BEGIN Dataset extract
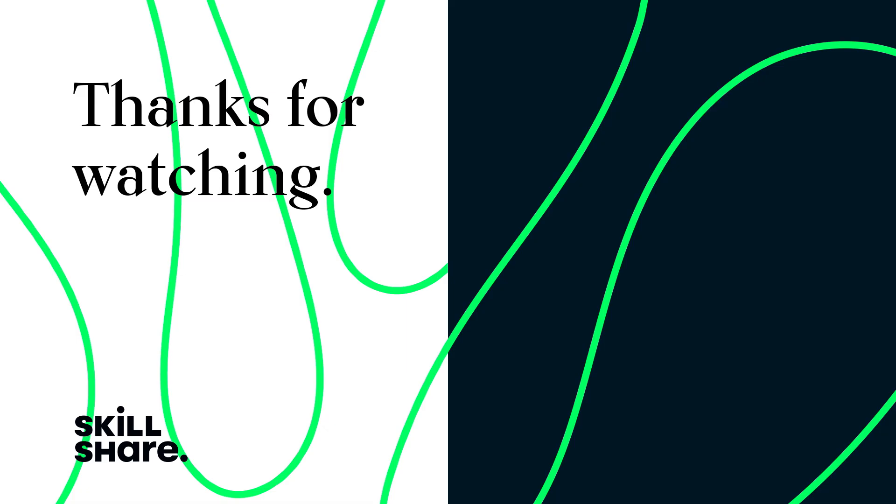Thanks for watching. If you enjoyed this video, feel free to like and subscribe to stay up to date on all of our latest videos.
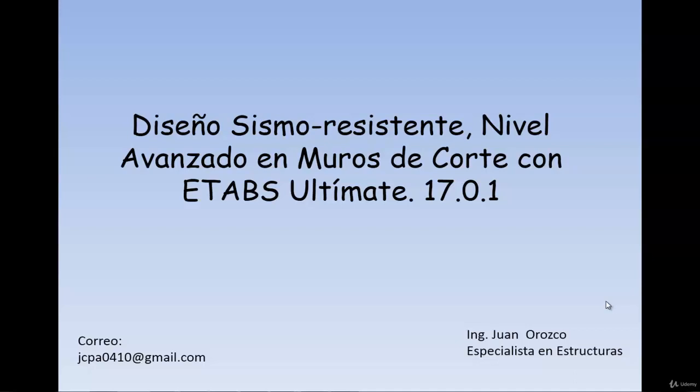Hello, I am Juan Okozo, an engineer and structure specialist. I'm going to talk a little regarding the advanced level of earthquake-resistant design in shear walls with the latest ETAP software 17.0.1.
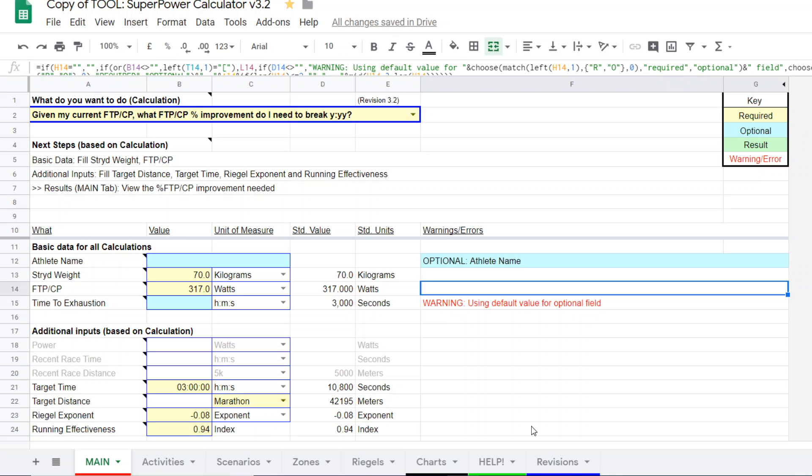That running effectiveness is probably pretty reasonable as well. But also consider the conditions. A running effectiveness for a flat marathon is going to be 0.01, 0.02, maybe even higher difference than a running effectiveness for a really hilly marathon. Or a really windy marathon if you happen to have the wind. So you have to consider the conditions a bit. But the starting point is what your historical running effectiveness has been for either a marathon race or a marathon power.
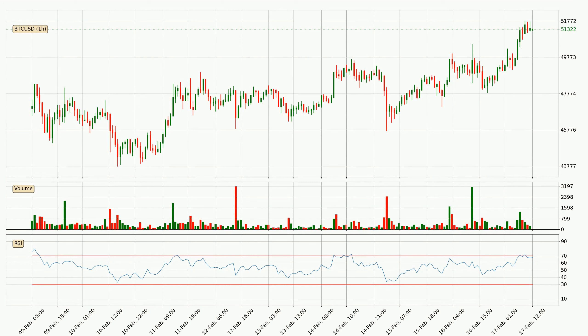Looking at the hourly relative strength index, the current hourly RSI of 68 is located in the upper region, meaning that the price is being overbought and we can expect a pullback or for the price to remain on track for some time.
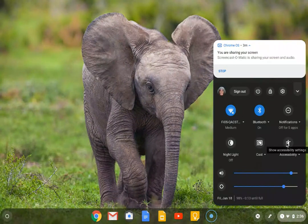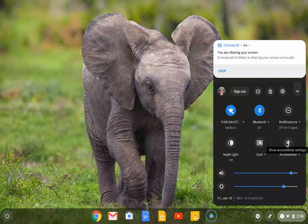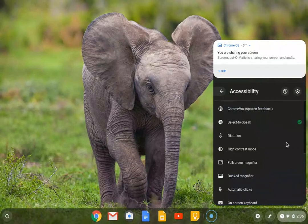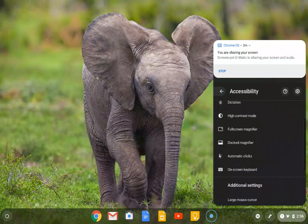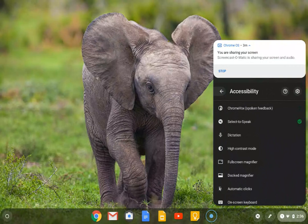I'm going to select accessibility options here, settings, and it shows all the different kinds of accessibility settings that are available.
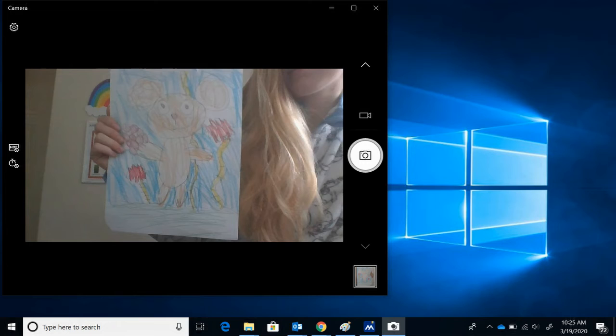This picture will be found in your computer's folder called camera roll. You can find this folder through your computer's pictures folder.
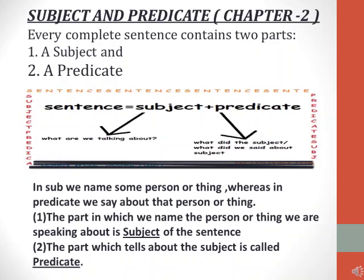For example, 'He is reading.' Here, who is the subject? He is the subject. What is he doing? He is reading. So 'is reading' is the predicate and 'he' is the subject. In subject, we name some person or thing, whereas in predicate, we say something about that person or thing — we elaborate on that thing.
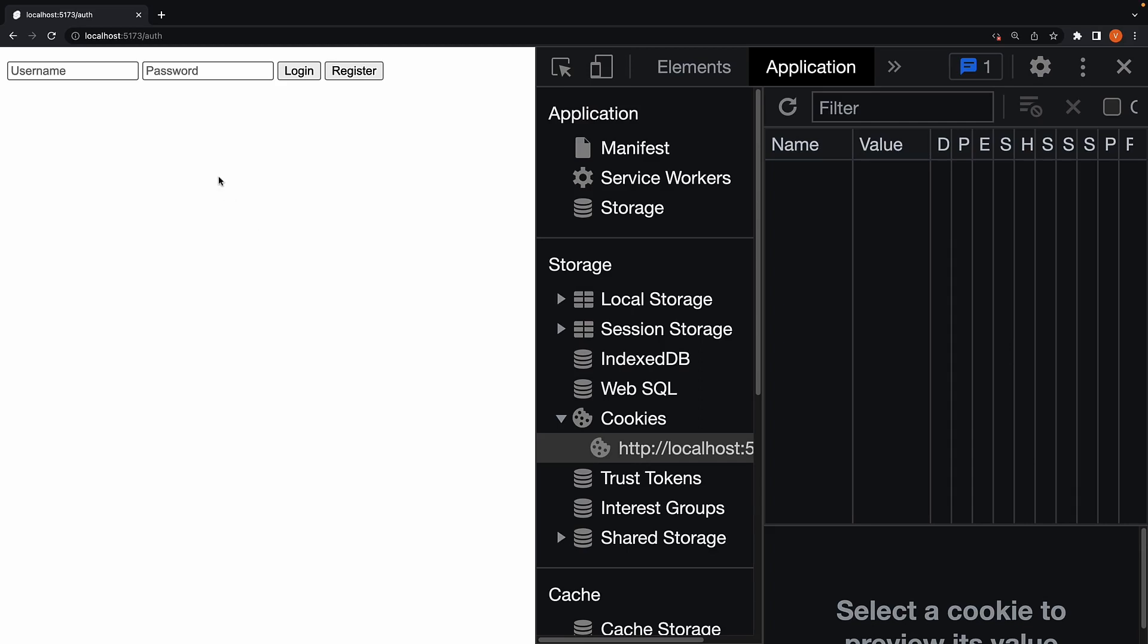At the moment, our login or registration form works without client-side JavaScript. This is great, but when JavaScript is available to us, we can progressively enhance our form interactions to provide a better user experience. In this video, let's look at the easiest way to do that.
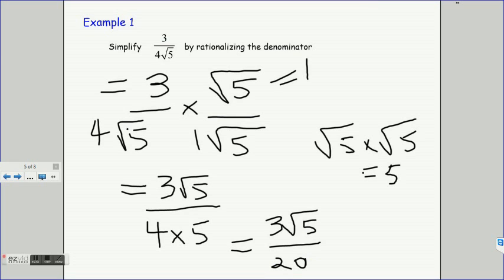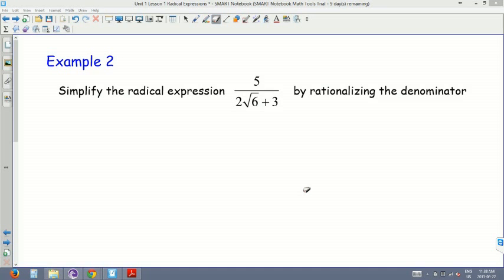I always check if there's anything else I can do — can I simplify the fraction further? Can I divide 3 into 20? In this case, no. So that is our final answer. Let's take a look at example 2: simplify the radical expression by rationalizing the denominator.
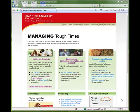Hi, I'm LaTosca Goodwin. I'm the Web Content Coordinator for our Managing Tough Times team. Welcome to the official launch of the Managing Tough Times website.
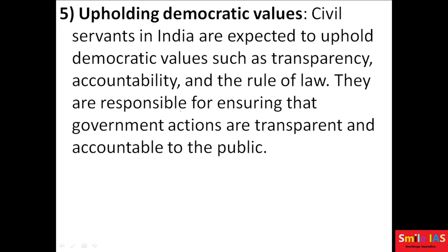Upholding democratic values: civil servants in India are expected to uphold democratic values such as transparency, accountability, and the rule of law. They are responsible for ensuring that government actions are transparent and accountable to the public.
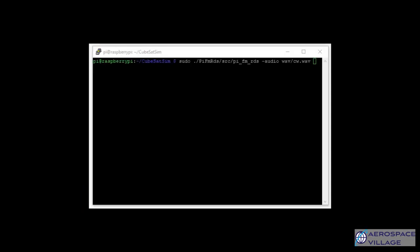Now, you should be able to run the following command within the kubesat-sim directory. You'll see that the program is playing the cw.wav file, and by default will broadcast on 107.9 FM. However, this can easily be changed if there's already a station on that channel.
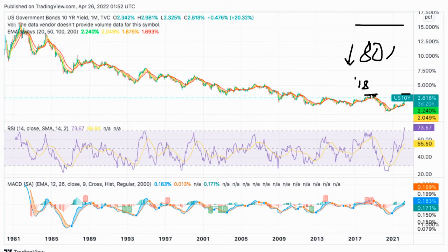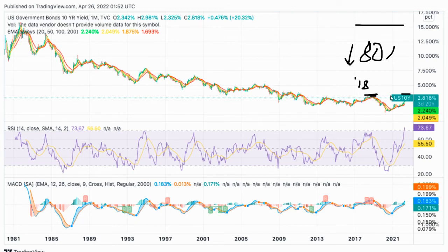We're down about 80% from all-time highs on yields. There was a notable speed bump in December 2018 — I remember that well, I had just bought a business and the stock market crashed. They eased monetary conditions shortly after, then COVID hit, bringing extremely loose monetary and fiscal policy. Now we're testing where yields were just prior to that Christmas Eve 2018 sell-off.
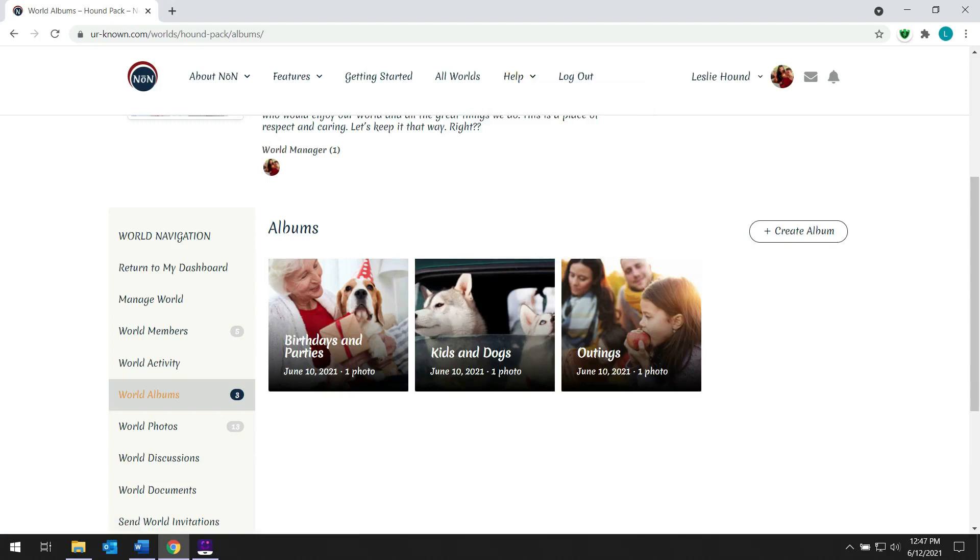As you can see, you can create a simple world that even your technically challenged family and friends can access and use. What's more, you can provide a place where there is privacy and safety. Your members can focus on what's important without the ads and interruptions of the outside world. Why not create a world for your family and friends in the known universe?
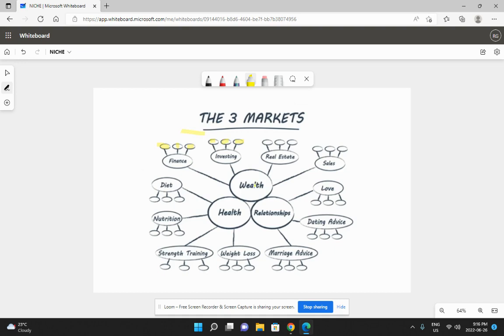You want to niche down within wealth, health, or relationships. Let's say you're into relationships, then you go into dating. What kind of dating? Are you going to help men or women? Older men or younger men or younger women? Then you niche down and you find a product.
END Dataset extract
**Prompt**
Could each line of the data be written out exactly, with no pictures included?

**Reply to the task**
Thanks for watching. If you enjoyed this video, feel free to like and subscribe to stay up to date on all of our latest videos.
Hello, I am Juan Okozo, an engineer and structure specialist. I'm going to talk a little regarding the advanced level of earthquake-resistant design in shear walls with the latest ETAP software 17.0.1.
That running effectiveness is probably pretty reasonable as well. But also consider the conditions. A running effectiveness for a flat marathon is going to be 0.01, 0.02, maybe even higher difference than a running effectiveness for a really hilly marathon. Or a really windy marathon if you happen to have the wind. So you have to consider the conditions a bit. But the starting point is what your historical running effectiveness has been for either a marathon race or a marathon power.
Looking at the hourly relative strength index, the current hourly RSI of 68 is located in the upper region, meaning that the price is being overbought and we can expect a pullback or for the price to remain on track for some time.
I'm going to select accessibility options here, settings, and it shows all the different kinds of accessibility settings that are available.
This picture will be found in your computer's folder called camera roll. You can find this folder through your computer's pictures folder.
For example, 'He is reading.' Here, who is the subject? He is the subject. What is he doing? He is reading. So 'is reading' is the predicate and 'he' is the subject. In subject, we name some person or thing, whereas in predicate, we say something about that person or thing — we elaborate on that thing.
At the moment, our login or registration form works without client-side JavaScript. This is great, but when JavaScript is available to us, we can progressively enhance our form interactions to provide a better user experience. In this video, let's look at the easiest way to do that.
I always check if there's anything else I can do — can I simplify the fraction further? Can I divide 3 into 20? In this case, no. So that is our final answer. Let's take a look at example 2: simplify the radical expression by rationalizing the denominator.
Hi, I'm LaTosca Goodwin. I'm the Web Content Coordinator for our Managing Tough Times team. Welcome to the official launch of the Managing Tough Times website.
Upholding democratic values: civil servants in India are expected to uphold democratic values such as transparency, accountability, and the rule of law. They are responsible for ensuring that government actions are transparent and accountable to the public.
Now, you should be able to run the following command within the kubesat-sim directory. You'll see that the program is playing the cw.wav file, and by default will broadcast on 107.9 FM. However, this can easily be changed if there's already a station on that channel.
We're down about 80% from all-time highs on yields. There was a notable speed bump in December 2018 — I remember that well, I had just bought a business and the stock market crashed. They eased monetary conditions shortly after, then COVID hit, bringing extremely loose monetary and fiscal policy. Now we're testing where yields were just prior to that Christmas Eve 2018 sell-off.
As you can see, you can create a simple world that even your technically challenged family and friends can access and use. What's more, you can provide a place where there is privacy and safety. Your members can focus on what's important without the ads and interruptions of the outside world. Why not create a world for your family and friends in the known universe?
You want to niche down within wealth, health, or relationships. Let's say you're into relationships, then you go into dating. What kind of dating? Are you going to help men or women? Older men or younger men or younger women? Then you niche down and you find a product.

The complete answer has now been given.